Aleksandar (Alex) Vakanski

 

AlphaGo

-- posted May 2016 --

Recently, a program (or if you prefer, a computer) named AlphaGo won a match in the board game Go against one of the best players in the world – the South Korean Lee Sedol. Go is an ancient board game that is popular in South Asia, and it is considered one of the most complex board games, due to the very high number of possible board move configurations (e.g., higher than the possible combinations in chess). In a series of five games, the final score was 4:1 in favor of AlphaGo. It is worth mentioning that before that match AlphaGo defeated the European Go champion Fan Hui in a five-game match with a score of 5:0.

AlphaGo was developed by DeepMind, which is a London based company owned by Alphabet (read Google).

Knowing that 19 years ago the Deep Blue computer developed by IBM defeated the then-world chess champion, and one of the best chess players of all time, Garry Kasparov, the win by AlphaGo in another board game against one of the top human players may not seem like a big deal. However, it is a huge deal, since there is a fundamental difference between the two computer programs. Namely, while Deep Blue was developed in a supervised manner with the involvement of a number of chess experts, AlphaGo learned the Go game mostly on its own without being explicitly taught by human task exerts. This type of problem-solving in the field of machine learning is referred to as unsupervised learning.

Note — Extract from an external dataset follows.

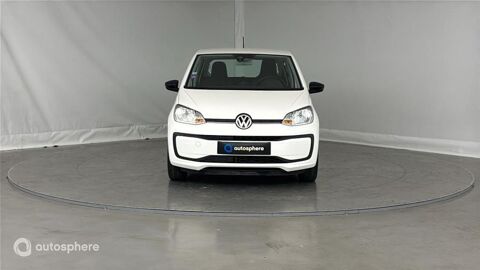 UP 1.0 60ch BlueMotion Technology IQ.Drive 5p Euro6d-T 2019 occasion 51100 Reims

Training AlphaGo involved first analyzing historical Go games to achieve an initial level of proficiency. Afterwards, AlphaGo was left to plays millions of games against itself, i.e., another copy of AlphaGo, whereby the program learned how to valuate different moves in relation to board configurations. The algorithm employs deep neural networks in combination with Monte-Carlo tree search for training from historical games, and reinforcement learning in the self-play games. Reinforcement learning is another machine learning method, where the learning entails exploration of different solutions and assigning rewards or penalty points to the solutions, with a goal to recognize solutions that maximize the reward points.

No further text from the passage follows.